Assignment 2

Due: Monday 06 July 2009 Midnight

Natural Language Processing - Spring 2009 Michael Elhadad

This assignment covers 3 topics:

Machine Learning methods (HMM) for Chunking
Machine Learning methods (SVM) for Named Entity Recognition
Tree Analysis

Submit your solution in the form of an HTML file, using the same CSS as this page with code inside <pre> tags. Images should be submitted as PNG files.

Chunking with HMM

Chunking

The task of syntactic chunking is presented in the CoNLL 2000 shared task description. Text chunking consists of dividing a sequence of words into non-recursive chunks corresponding to syntactic phrases such as Noun Phrases, Verb Phrases and more. In this assignment, we will only identify NP and VP chunks.

Chapter 6 of the NLTK book presents a thorough introduction to the task of chunking using a simple regular expression chunker, evaluation methods, simple baselines, and an n-gram chunker, similar to the n-gram tagger we reviewed in the POS chapter.

Chunking in general is easier than full parsing because:

Chunks are non-recursive
Chunks are non-overlapping
Chunks do not cover all words in the sentence

Dataset

The dataset we will use for the assignment is the one from CoNLL 2000, which is constructed from sentences from the Wall Street Journal tagged with POS information. This dataset is included in the set of corpora of NLTK. It contains about 270K words. The split between train and test is part of the shared task specification. The data is encoded according to the BIO encoding - for each word, the POS of the word is provided and an additional tag indicating whether the word is the Beginning of a chunk of type X (B-X) or Inside a chunk of type X (I-X) or Outside any chunk (O). Thus, if we work over a set of N chunk types, there will be 2N+1 BIO tags in the encoding.
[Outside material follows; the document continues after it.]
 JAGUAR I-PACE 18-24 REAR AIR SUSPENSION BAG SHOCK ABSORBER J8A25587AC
For example:

Confidence NN B-NP
in IN B-PP
the DT B-NP
pound NN I-NP
is VBZ B-VP
widely RB I-VP
expected VBN I-VP
to TO I-VP
take VB I-VP
another DT B-NP
sharp JJ I-NP
dive NN I-NP
if IN B-SBAR
trade NN B-NP
figures NNS I-NP
for IN B-PP
September NNP B-NP
, , O
due JJ B-ADJP
for IN B-PP
release NN B-NP
tomorrow NN B-NP
, , O
fail VB B-VP
to TO I-VP
show VB I-VP
a DT B-NP
substantial JJ I-NP
improvement NN I-NP
from IN B-PP
July NNP B-NP
and CC I-NP
August NNP I-NP
's POS B-NP
near-record JJ I-NP
deficits NNS I-NP
. . O

To read the dataset in Python, use this corpus reader:

from nltk.corpus import conll2000

print nltk.corpus.conll2000.chunked_sents('train.txt')[99]  # Print the 100th sentence from the training set

print nltk.corpus.conll2000.chunked_sents('train.txt', chunk_types=('NP', 'VP'))[99] # Only read the NP and VP chunks

HMM Models

First read a high-level introduction to HMM models: Jan Hajic lecture on HMM models introduces the basic concepts of HMM models.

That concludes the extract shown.